Decline rates on individual wells in the Bakken and Shaunavon plays can reach as high as 85 per cent in the first year, according to the Saskatchewan Research Council (SRC).
Viking declines are in the 60–70 per cent range during the same time period. This means operators ran a treadmill drilling new wells to manage corporate declines and add production.
Efforts are underway in all these plays to stem decline rates, allowing for more stable growth and reserve recovery through improved waterflood technologies.
A new technology that Crescent Point Energy is developing in Saskatchewan could potentially enable the company to maintain a steady annual decline rate even as it continues to grow, says a company official.
“If this technology works the way we think it is going to work, it’s not out of reach to have a 26–28 per cent decline rate that is holding in relatively steady even as we are growing at five to 10 per cent production, even with higher activity levels,” Trent Stangl, former senior vice-president of investor relations and communications, told a recent CIBC investment conference. The company “is not going back up to those 31 per cent to 32 per cent declines.”
Crescent Point has calculated that a reduction in the decline rate to 28 per cent from 35 per cent saved the company about $250 million, all other things being equal. “So it’s pretty significant.”
Three or four years ago, the decline rate would have been 35 per cent and this year with the incremental capital, it will be 28 per cent, he said.

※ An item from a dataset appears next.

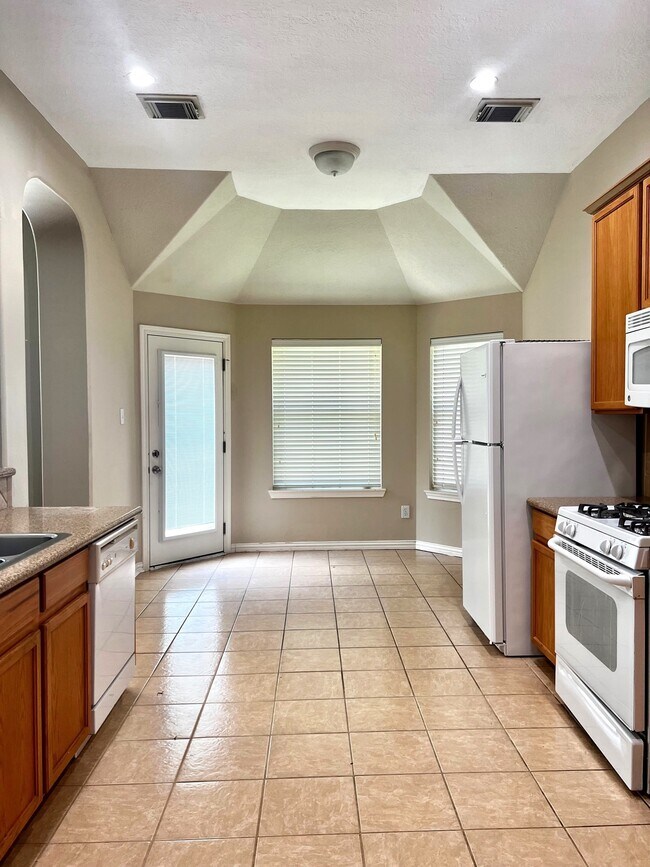 Building Photo - 23907 Hackberry Creek Dr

The drop, though, isn’t due entirely to the waterflood. There also has been reduced activity, Stangl said, noting that at its peak, Crescent Point was running 29 rigs compared to 20–22 rigs for much of last year.
“But it’s not like there is a massive drop in activity levels,” said Stangl. “There certainly is a good component of that reduction in the waterflood.”
With the new technology, the company is able to put tools downhole to control the amount of water that is going into each of the ports. “It’s almost like a soaker hose for your lawn where you have the even distribution across the laterals.”
In the first couple of wells that it has done, Crescent Point has been able to get three times as much water into the wells, which is improving the reservoir pressure more quickly and is accelerating the response with production from the offset producer well actually going up after six months, he said.
“If we can prove this up with incremental wells, those same kind of results, that will have a dramatic effect on our waterflood,” said Stangl. “It will increase the response time, which will improve the economics.”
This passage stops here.